Hauptziele der Sommerschule sind die internationale Verständigung und der akademische Austausch zwischen den zukünftigen Eliten in Europa. Gemeinsames Lernen soll Interesse am und Verständnis für das „Andere“ wecken, Aktivitäten wie der Besuch beim Verfassungsgericht Ungarns oder der Besuch des Parlaments Ungarns sollen „Neues“ erfahrbar machen. 

Die Sommerschule ist nach der griechischen Göttin für die staatliche Gerechtigkeit benannt. Das Regeln der Organisation eines Staates und diejenigen Rechte, die den Bürger und Menschen besonders schützen – die Grundrechte – spielen in der Ausbildung an den juristischen Fakultäten traditionell eine große Rolle. Was jedoch keine große Rolle spielt, ja nur sehr untergeordnet gelehrt wird, ist der Vergleich dieser Regeln, das vergleichende Verfassungsrecht. Trotz der sehr großen Bedeutung in einem zusammenwachsenden Europa wird dieser Bereich nach wie vor unterschätzt, auch wenn Art. 6 Abs. 3 Vertrag über die Europäische Union mit seinem Bezug auf die „gemeinsamen Verfassungsüberlieferungen der Mitgliedstaaten“ einen Vergleich dieser Ordnungen erfordert. Doch nicht nur hier findet sich ein Erfordernis. Vor dem Hintergrund der Gleichzeitigkeit von Souveränität der Mitgliedstaaten der Europäischen Union und der Gebundenheit der Mitgliedstaaten an das Recht der EU muss eine rein nationale Betrachtungsweise aufgrund der Struktur der EU notwendigerweise einseitig bleiben.

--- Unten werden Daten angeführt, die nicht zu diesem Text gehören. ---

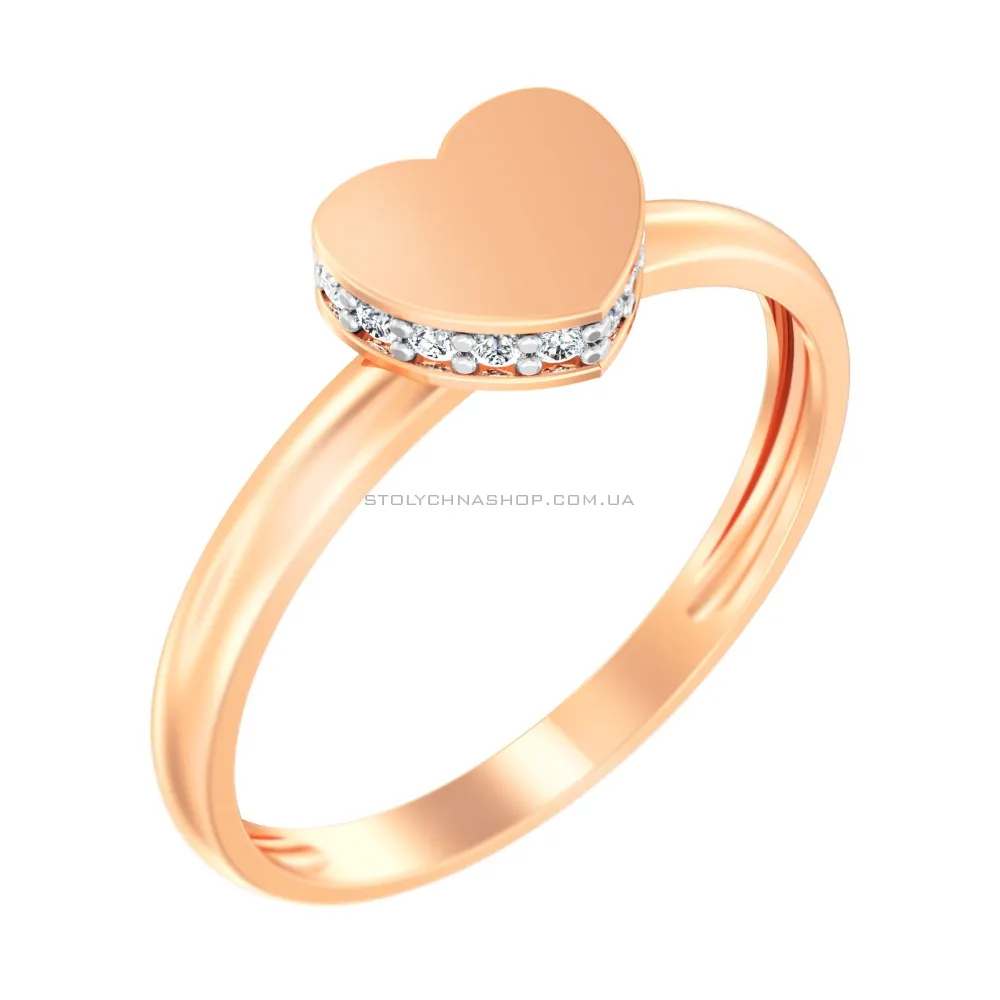 Золотое кольцо «Сердце» с фианитами  (арт. 141077)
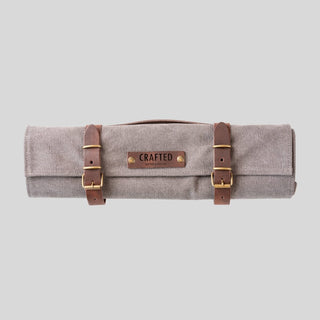 Canvas knivmappe Knivmapper Crafted Leather Lys grå 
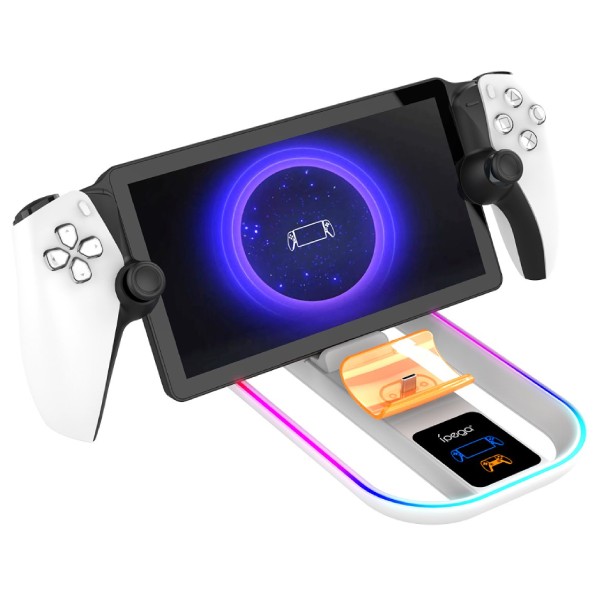 iPega P5P11 nabíjacia stanica s RGB 2v1 pre Playstation Portal Remote Player a PS5 ovládač, biela iPega P5P11 nabíjacia stanica s RGB 2v1 pre Playstation Portal Remote Player a PS5 ovládač, biela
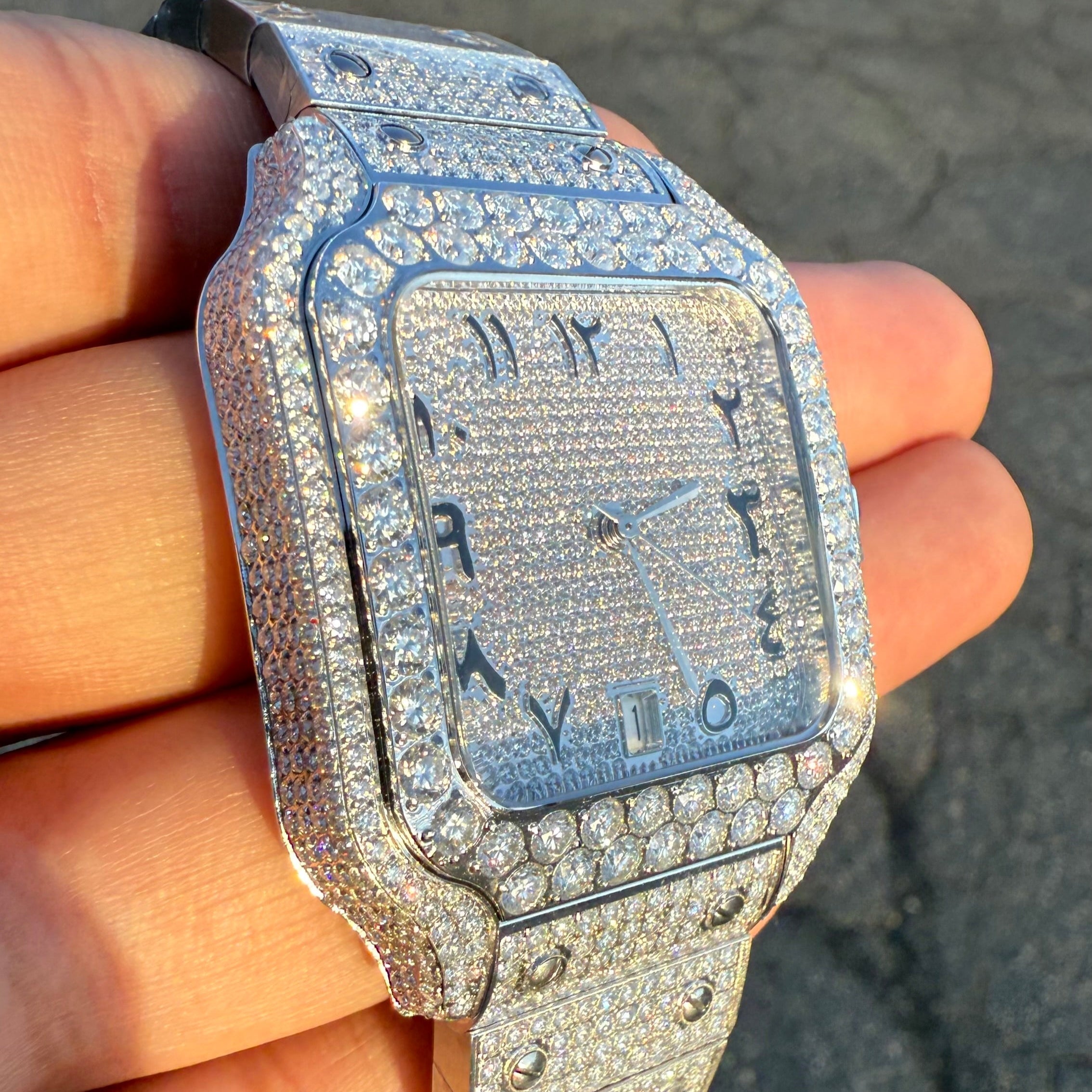 Moissanite Arabic Dial Watch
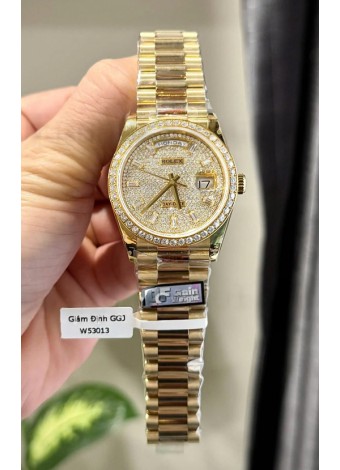 Rolex Day Date Super Clone Chapado Oro Amarillo Reloj Personalizado y Modificado con Pavimentado en Diamantes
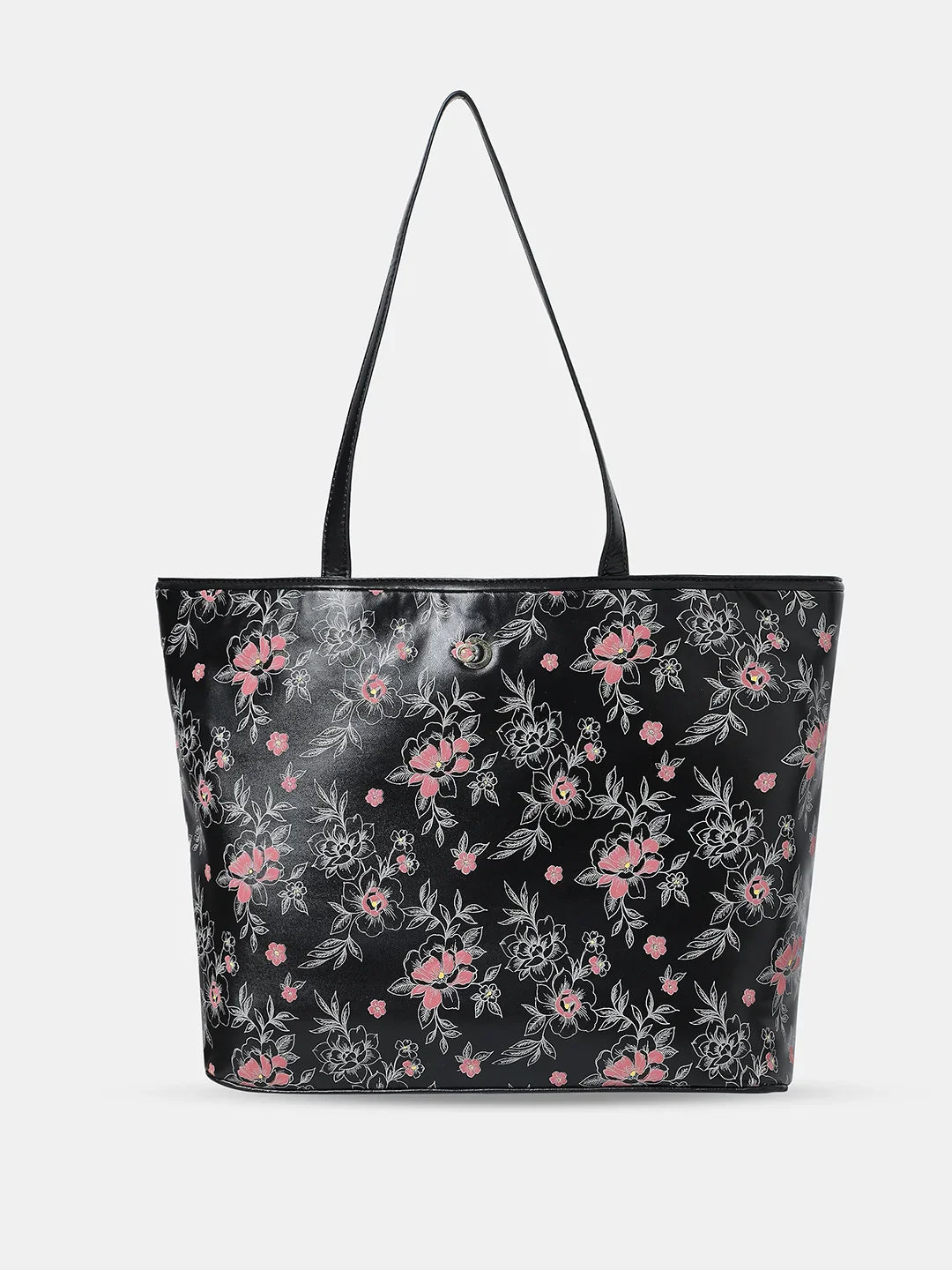 Caprese Snow Printed Large Black Laptop Tote Bag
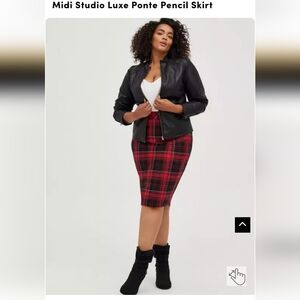 Torrid Red and Black Pencil Midi Skirt for Work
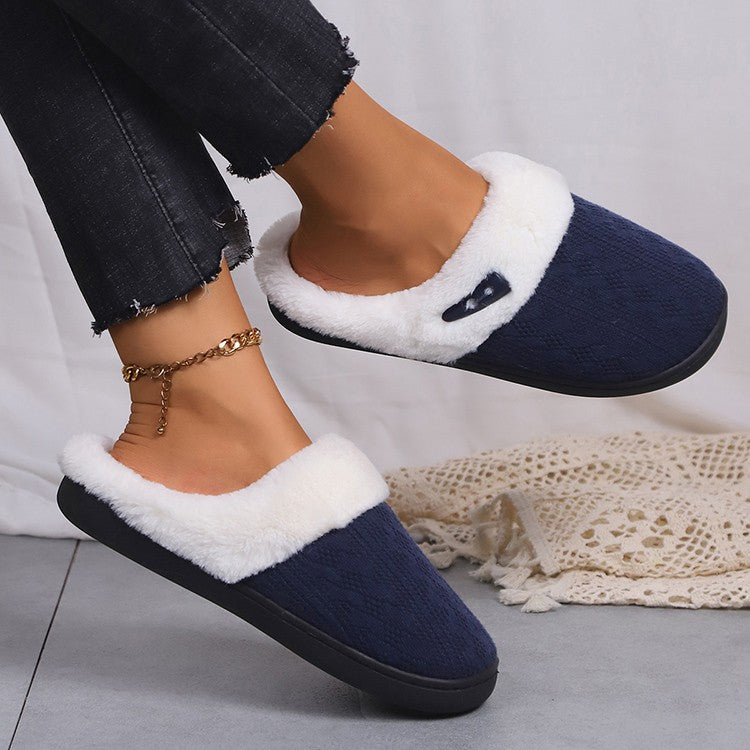 Platform Fluffy Slippers Women House Plush Fashion Designer Winter Shoes Ladies Flats Warm Home Casual Footwear Elegant Big Size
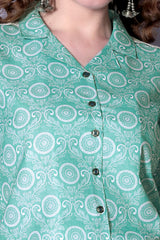 Women’s Relaxed Fit Printed Casual Shirt – Cotton Blend Short Sleeve Top | Stylish Daily & Office Wear Malaysia 2025 (C-12)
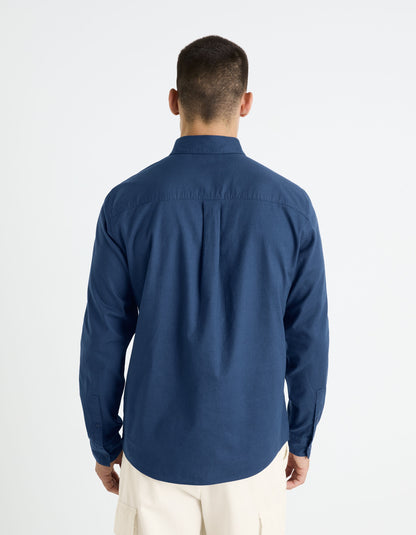 Regular Shirt 100% Cotton - Navy_FAROBONE2_NAVY_04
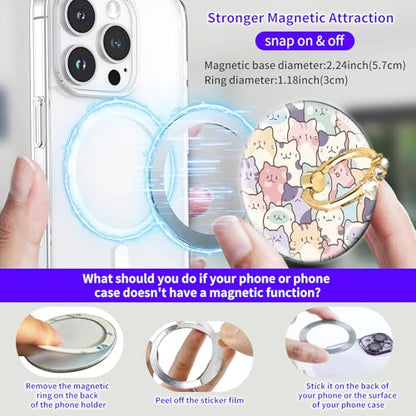 Magnetic Phone Ring Holder Compatible with MagSafe, Cute Phone Grip Stand with 360° Rotation Gold Glitter Finger Ring Kickstand Accessories for Most Phones Cute Colorful Cats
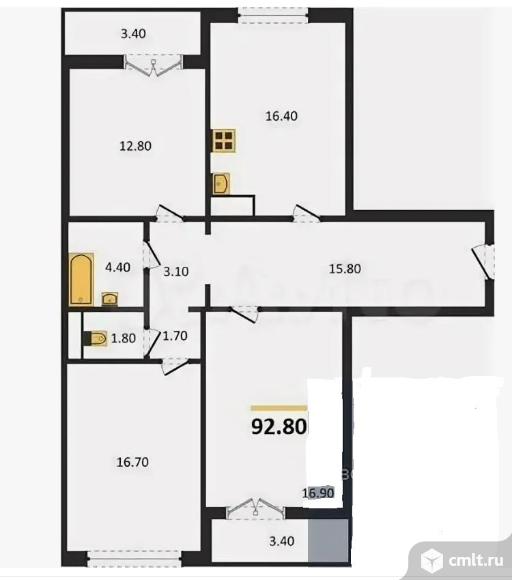 3-комнатная квартира 90 кв.м. Фото 11.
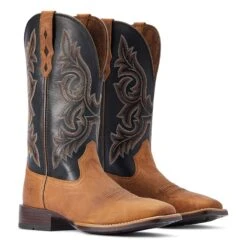 Ariat Men's Drover Ultra Sorrel Brown And Black Bantamweight Wide Square Toe Cowboy Boots * GIFT WITH PURCHASE * FREE ARIAT T-SHIRT * *FREE SHIPPING* -HerraduraDeOro 29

Deutlich wird dies zum einen an der vor den Verfassungsgerichten der Mitgliedstaaten geführten Auseinandersetzung um die Vereinbarkeit des Vertrags von Lissabon oder der Maßnahmen zur „Euro-Rettung“ mit den jeweiligen nationalen Verfassungen. Diese Auseinandersetzungen um Vereinbarkeit mit nationalen Verfassungsordnungen begleitet die Entwicklung der EWG/EU seit ihrer Gründung. So sind wichtige Grundprinzipien der Union wie Vorrang des Unionsrechts oder unmittelbare Anwendbarkeit in solchen Auseinandersetzungen ausgeformt worden. Auch wenn nationale Verfassungsgerichte nun aufgrund der Gebundenheit, die sich durch den Vorrang des Unionsrechts ergibt, immer wieder anhand des nationalen Verfassungsrechts über Probleme, die sich aus der europäischen Integration ergeben, entscheiden müssen, ist doch eine Kenntnis anderer Verfassungen und ihrer Behandlung durch die jeweiligen Verfassungsgerichte unerlässlich. Dies zeigt sich auch am Vorlagebeschluss des deutschen Bundesverfassungsgerichts zum Gerichtshof der Europäischen Union, in welchem das Bundesverfassungsgericht auf Entscheidungen z.B. des Verfassungsgerichts der Tschechischen Republik, des Verfassungsgerichts Polens oder des Verfassungsgerichts Italiens verweist.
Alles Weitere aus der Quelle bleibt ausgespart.